Fans have been alarmed at the number of cards being given out so far (136 Yellow and 10 Red after 24 matches) However, it was known FIFA wanted to crack down on dangerous play and incessant fouls on attackers. Yesterday they reaffirmed their stance and are happy with the torrent of cards.
FIFA communications director Markus Siegler said the general standard of refereeing had been solid.
"If you count the number of red and yellow cards … it’s in proportion,” he said.
"They’re not new. The point is, the World Cup is the largest platform, the largest display case for football, where the best referees are in operation," he said. "We have to show consistency on the basis of the rules of the game. They have to be applied in the way we’d like them applied around the globe.

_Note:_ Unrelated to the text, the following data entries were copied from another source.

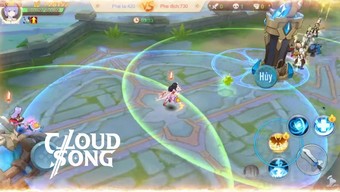 game mobile, vng, game ios, game android, cloud song vng, tải cloud song vng, hướng dẫn cloud song vng, cộng đồng cloud song vng, vnggames, cloud song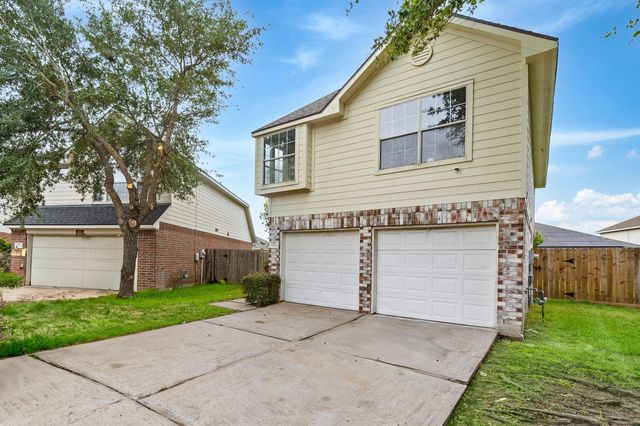 7103 Biton Drive, Houston, TX 77083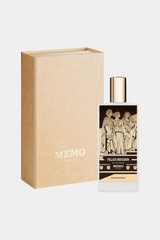 Memo Paris - Graines Vagabondes Palais Bourbon Eau De Parfum
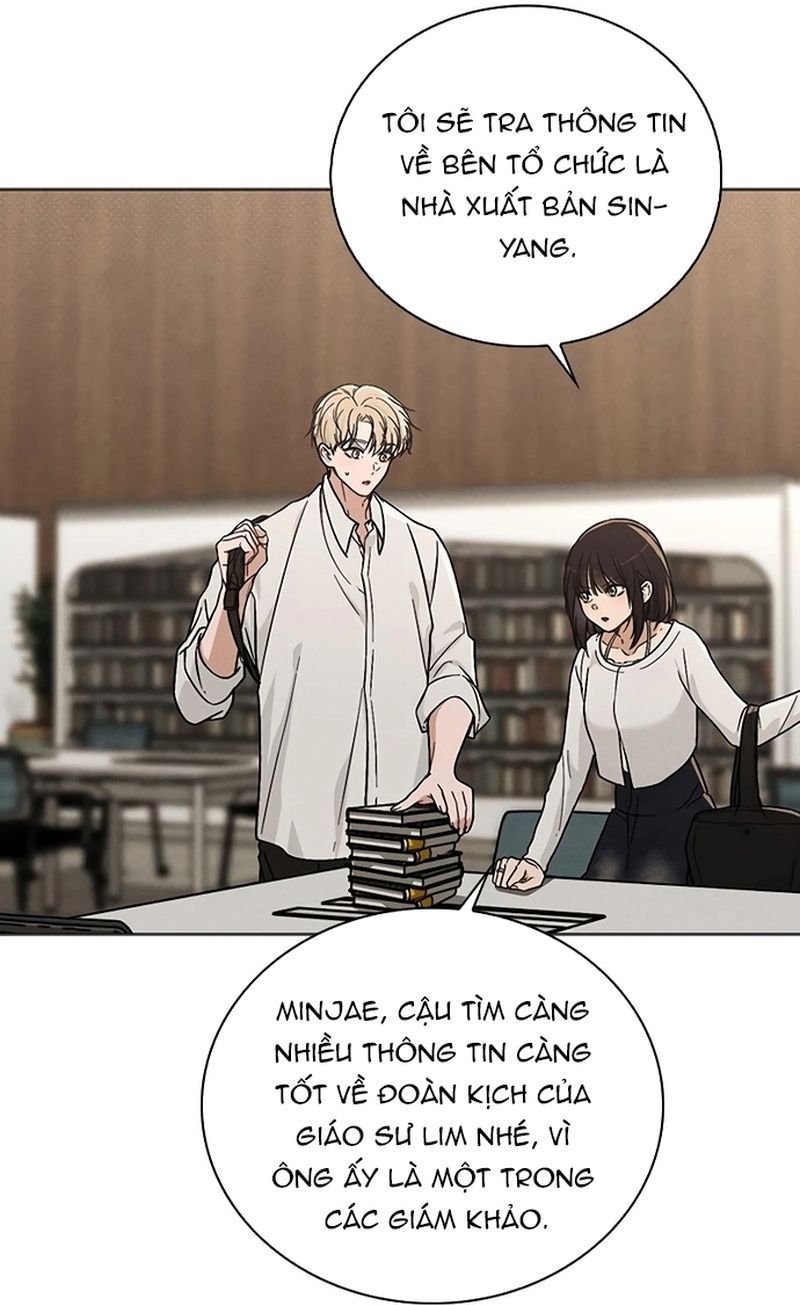 Ex-Love Review Chapter 18 - 57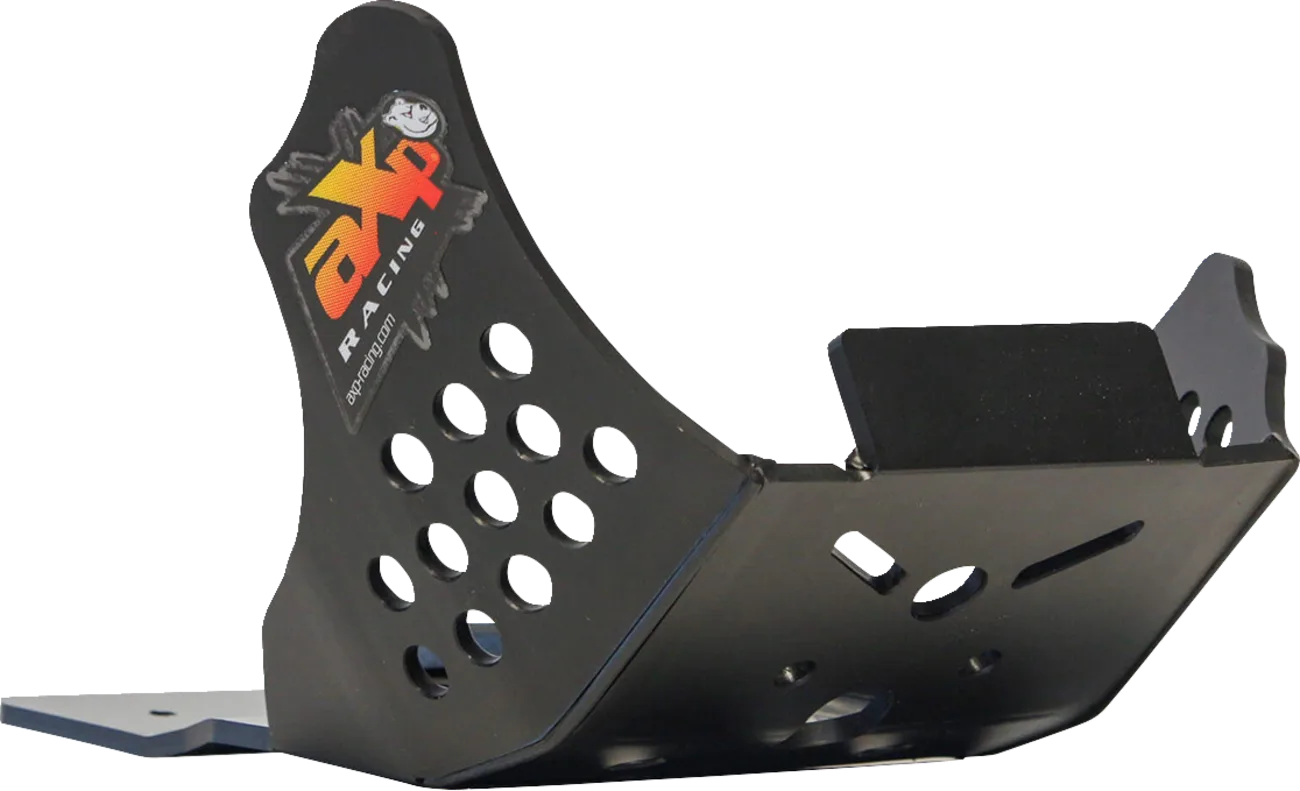 Plastic Skid Plate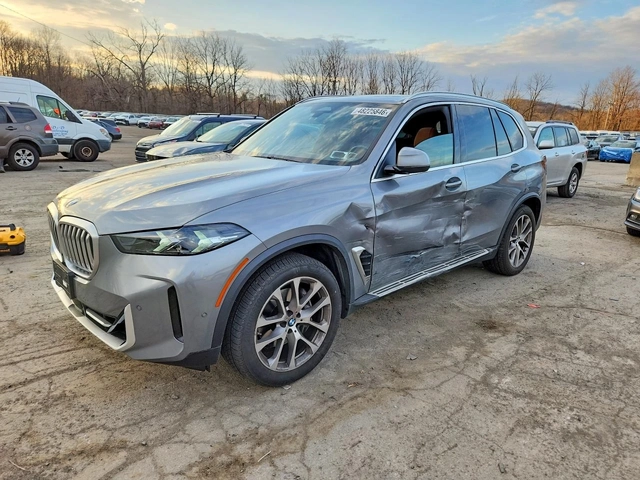 BMW X5 XDRIVE40I - автомобили, коли, обяви за нови и употребявани 2
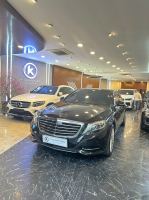 Bán xe Mercedes Benz S class 2016 S400L giá 1 Tỷ 339 Triệu - Hà Nội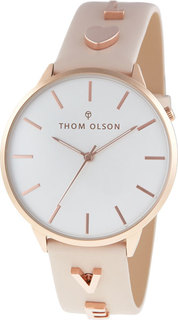 Женские часы в коллекции Message Dream Женские часы Thom Olson CBTO012
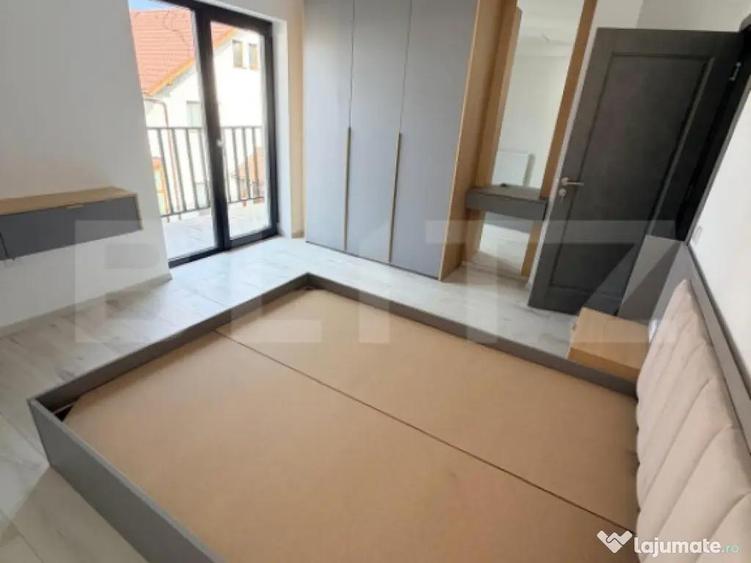 Apartament 4 camere 120 mp utili MOBILAT UTILAT 148800EU - 10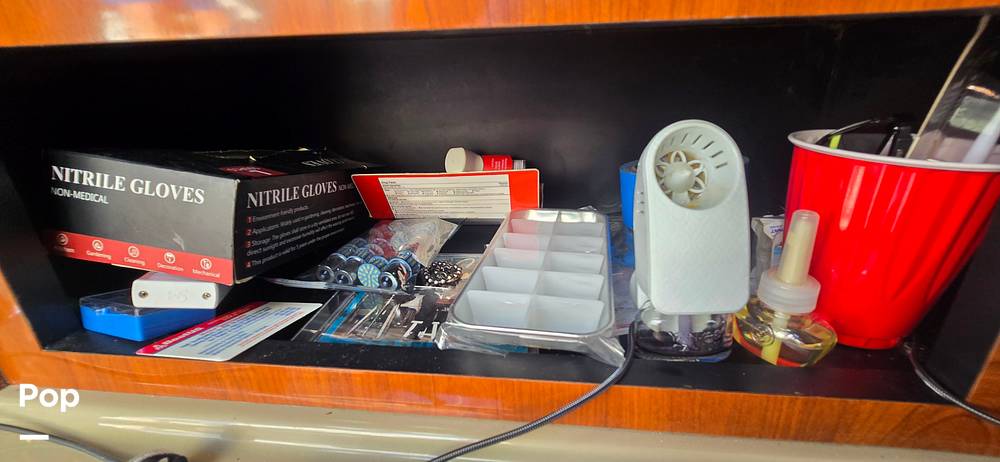 Slide: The Image of Sea Ray 240 Sundancer 2007 - 15642279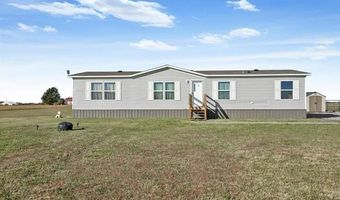 5691 N 434 Rd, Adair, OK 74330
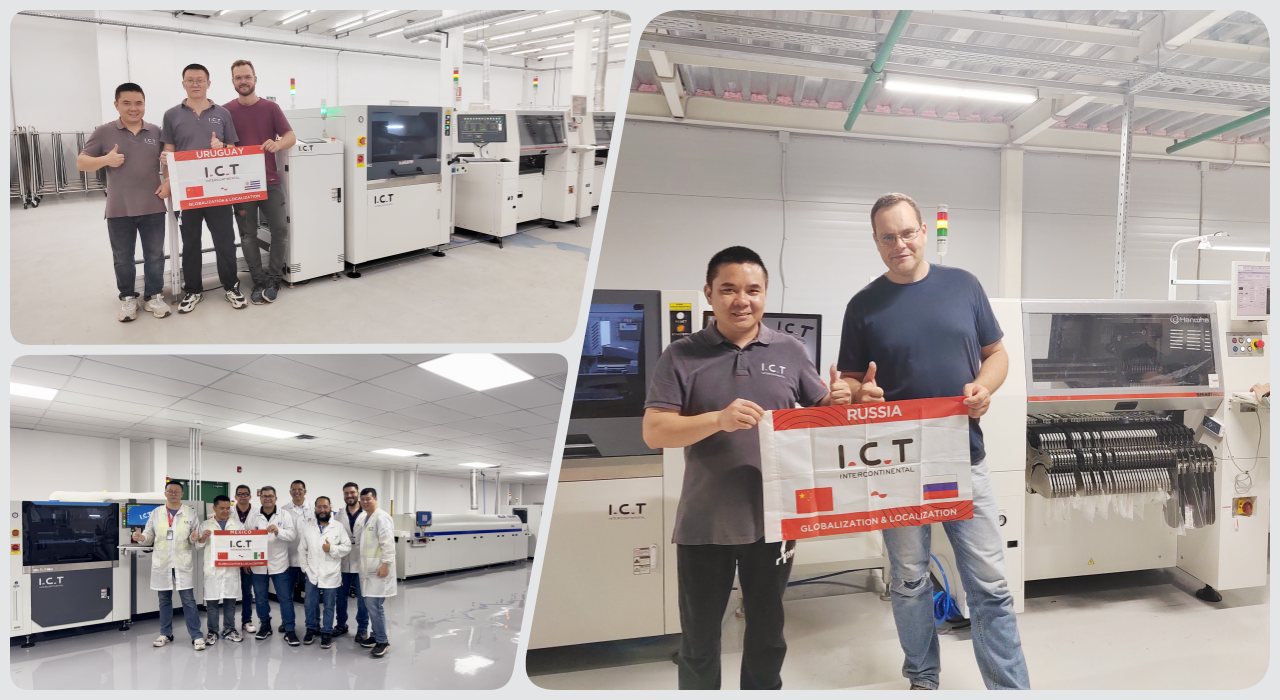 SMT Solder Paste Printer 201 Tiskárna na pájecí pastu SMT 201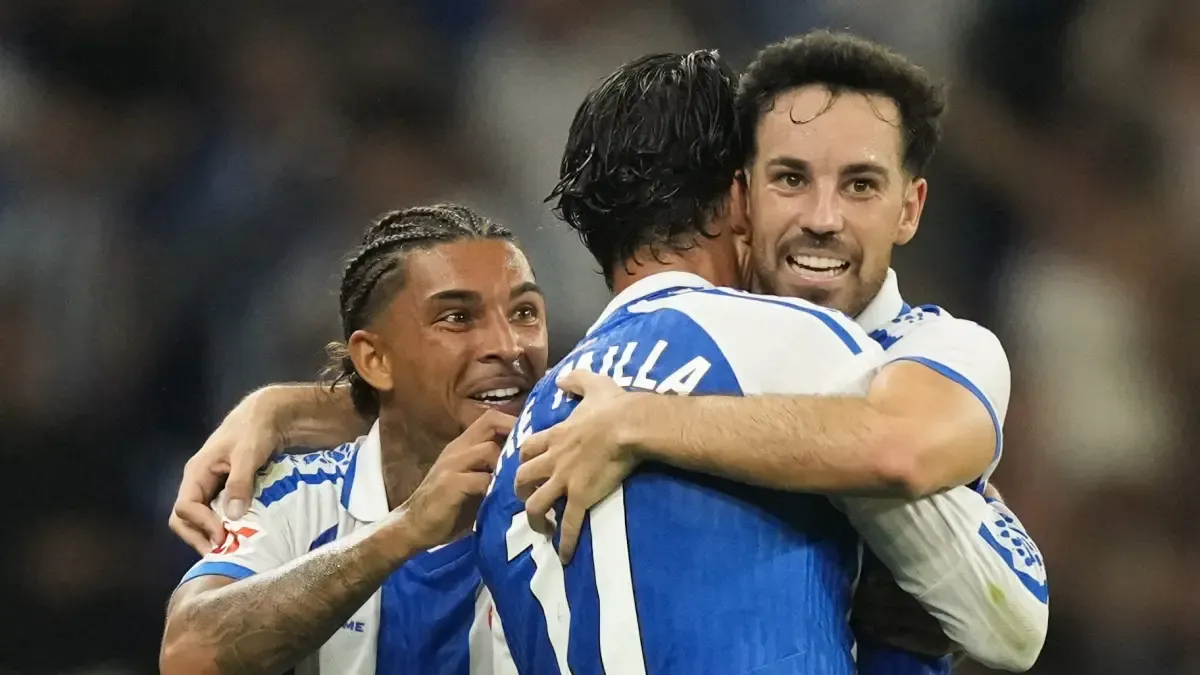 El Atlético no es un 'coco' cuando visita al Espanyol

"That’s why one has to be prudent about interpreting these things."
I’m not sure anyone has been concerned about the proportion of reds to yellows, but more the sheer number. USA Manager Bruce Arena clearly feels the cards are flying too much.
"Entering this World Cup, I think there was a real theme that they were going to be very harsh on players, and I think they have," he said. "The cards are excessive, I believe. It’s just too much in all the games. It’s taking good players out of games."
Arena said he’d never seen a match with so many red cards. It was only the fourth time at a World Cup that three red cards had been issued in one match. "Fouls are being punished too harshly, without warnings. A foul sometimes is just a foul, it’s not a yellow card," he said. "I think it’s just gotten excessive in the World Cup."
Initially I was thinking the same thing. Now that I’ve calmed down from the USA v. Italy match, I’m starting to think maybe the flood of cards is a good thing.
Contrary to what many people unfamiliar with soccer in the US think, soccer is a dangerous sport. The difference between a legal tackle and a career ending move isn’t much and sloppy or violent play can result in major injuries to ankles and knees. Mastroeni went cleats up into an ankle and that’s dangerous as hell. Granted, the reply showed it was his trailing leg and he appeared to be pulling back so many (myself included initially) felt it wasn’t vicious enough to warrant red. But referees don’t have the benefit of a replay.
Even with Pope – he is known for jersey pulling and player takedowns. He was doing it frequently (but no he wasn’t the only one) So it was only a matter of time until he got that second yellow.
I’m starting to think that as long as the referees are calling things fairly for both teams, even if they are more strict, it is not necessarily a bad thing. Certain moves have to be discouraged. Taking down attackers streaking down the field because all you’ll get is a foul is very common because the foul loses you nothing as the defending team but breaks up a potential shot chance. I think there is merit in trying to reduce the number of illegal takedowns with yellow cards.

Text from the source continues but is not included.